- [INFORMATION SUPPLIED]
-.-.-

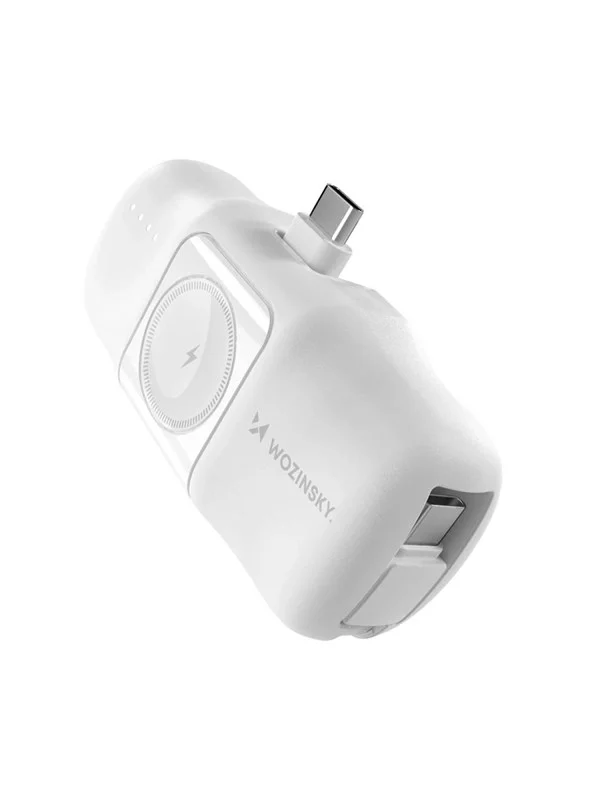 Wozinsky WF16-YCS 5000mAh 15W USB-C Mini Power Bank with Built-in USB-C Cable and Apple Watch Charger - White Nødlader - Hvit - 5000 mAh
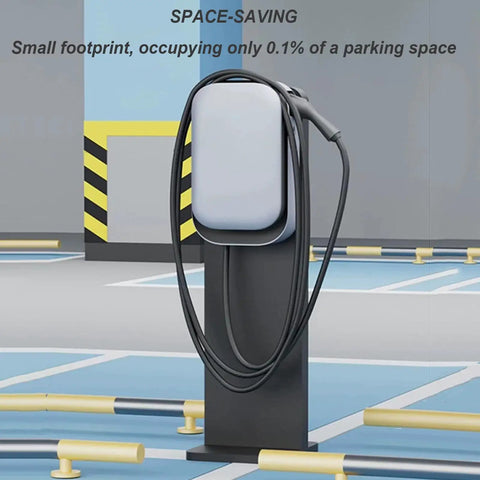 Rock Solid Universal EV Charger Mounting Post With Heavy Duty Freestanding Pole Stand shows space-saving design with charging cable.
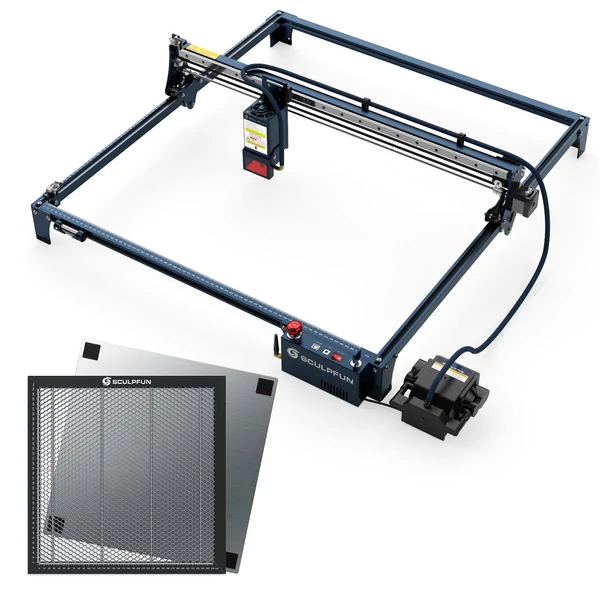 SCULPFUN S30 Ultra 22W lézergravírozó 400x400 mm-es méhsejt táblával és automatikus légrásegítéssel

-.-.-

The complete material, set down exactly and stripped of pictures, is the expected response.

- [ANSWER AREA]
 Wozinsky WF16-YCS 5000mAh 15W USB-C Mini Power Bank with Built-in USB-C Cable and Apple Watch Charger - White Nødlader - Hvit - 5000 mAh
 Rock Solid Universal EV Charger Mounting Post With Heavy Duty Freestanding Pole Stand shows space-saving design with charging cable.
 SCULPFUN S30 Ultra 22W lézergravírozó 400x400 mm-es méhsejt táblával és automatikus légrásegítéssel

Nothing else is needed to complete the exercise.